Rodriguez v. Luchey & Mitchell Recovery Solutions, LLC et al.
Filing
34
ORDER. All of plaintiff's claims against Terette Haugabook are dismissed. This case is closed in its entirety. By Judge Philip A. Brimmer on 5/30/13. (mnfsl, )
IN THE UNITED STATES DISTRICT COURT
FOR THE DISTRICT OF COLORADO
Judge Philip A. Brimmer
Civil Action No. 12-cv-03035-PAB-KMT
MARINA RODRIGUEZ,
Plaintiff,
v.
LUCHEY & MITCHELL RECOVERY SOLUTIONS, LLC,
TERETTE HAUGABOOK, and
JOHN DOE CORPORATION,
Defendants.
ORDER
This matter is before the Court on the Response to the Order to Show Cause
[Docket No. 33] filed by plaintiff Marina Rodriguez. On March 14, 2013, plaintiff moved
for entry of default and entry of default judgment [Docket No. 24] pursuant to Federal
Rules of Civil Procedure 55(a) and 55(b) against defendants Luchey & Mitchell
Recovery Solutions, LLC (“Luchey”) and Terette Haugabook.1 On March 15, 2013, the
Clerk of the Court entered default against defendants. Docket No. 25. On May 22,
2013, the Court entered default judgment against Luchey, but denied the entry of
default judgment against Ms. Haugabook. Docket No. 31 at 9. The Court declined to
enter default judgment against Ms. Haugabook because plaintiff had not sufficiently
alleged “that Ms. Haugabook personally participated in the collection activities
1
On March 12, 2013, plaintiff voluntarily dismissed Christopher Dobbins from this
case. Docket No. 20.
surrounding the October 5, 2012 phone call, such as making the telephone call or
directing one of her subordinates to do so.” Docket No. 31 at 7 (citation omitted). The
Court went on to state that, because plaintiff “alleges only generalities and does not
allege that Ms. Haugabook personally participated in the specific collection activity at
issue in this case, plaintiff does not provide sufficient facts to establish that Ms.

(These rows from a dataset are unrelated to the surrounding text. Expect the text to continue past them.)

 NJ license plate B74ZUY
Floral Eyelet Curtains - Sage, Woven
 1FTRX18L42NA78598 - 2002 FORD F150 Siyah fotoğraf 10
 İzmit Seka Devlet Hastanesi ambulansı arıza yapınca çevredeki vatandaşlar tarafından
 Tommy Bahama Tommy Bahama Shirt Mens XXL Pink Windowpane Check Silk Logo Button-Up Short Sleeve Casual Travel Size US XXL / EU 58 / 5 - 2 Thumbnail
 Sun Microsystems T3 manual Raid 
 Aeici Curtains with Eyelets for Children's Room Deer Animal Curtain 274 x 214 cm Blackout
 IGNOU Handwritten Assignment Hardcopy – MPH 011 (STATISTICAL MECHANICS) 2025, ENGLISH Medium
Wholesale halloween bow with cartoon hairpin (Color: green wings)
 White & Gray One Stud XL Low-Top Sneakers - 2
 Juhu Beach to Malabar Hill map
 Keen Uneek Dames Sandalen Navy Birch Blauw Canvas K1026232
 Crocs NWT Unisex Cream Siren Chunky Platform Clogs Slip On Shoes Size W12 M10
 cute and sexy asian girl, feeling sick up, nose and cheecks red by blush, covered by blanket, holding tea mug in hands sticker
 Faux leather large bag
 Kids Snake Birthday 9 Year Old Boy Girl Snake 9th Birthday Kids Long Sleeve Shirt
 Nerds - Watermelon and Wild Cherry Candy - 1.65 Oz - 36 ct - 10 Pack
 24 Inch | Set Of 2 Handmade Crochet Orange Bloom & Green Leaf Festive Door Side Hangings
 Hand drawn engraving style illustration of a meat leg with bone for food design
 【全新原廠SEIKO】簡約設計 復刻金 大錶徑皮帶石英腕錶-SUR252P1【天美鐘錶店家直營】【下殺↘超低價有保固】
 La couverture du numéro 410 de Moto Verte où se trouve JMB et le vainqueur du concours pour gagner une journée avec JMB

Haugabook violated §§ 1692d or 1692e of the FDCPA.” Id.
On May 23, 2013, the Court ordered plaintiff to show cause [Docket No. 32] why
her claims against Ms. Haugabook should not be dismissed for failure to state a claim.
In her response to the order to show cause, plaintiff states that the Court may properly
enter default judgment against Ms. Haugabook because of the following facts alleged in
the complaint:
1. Defendant Terette Haugabook (“Ms. Haugabook”) is an individual who
is a member of Luchey, and at all relevant times, was engaged by use of
the mails and telephone, in the business of attempting to collect a “debt”
from Plaintiff, as defined by 15 U.S.C. § 1692a(5). (Doc. 1 at ¶9)
2. Ms. Haugabook was regularly engaged, directly or indirectly, in the
collection of Plaintiff’s debt. (Doc. 1 at ¶10).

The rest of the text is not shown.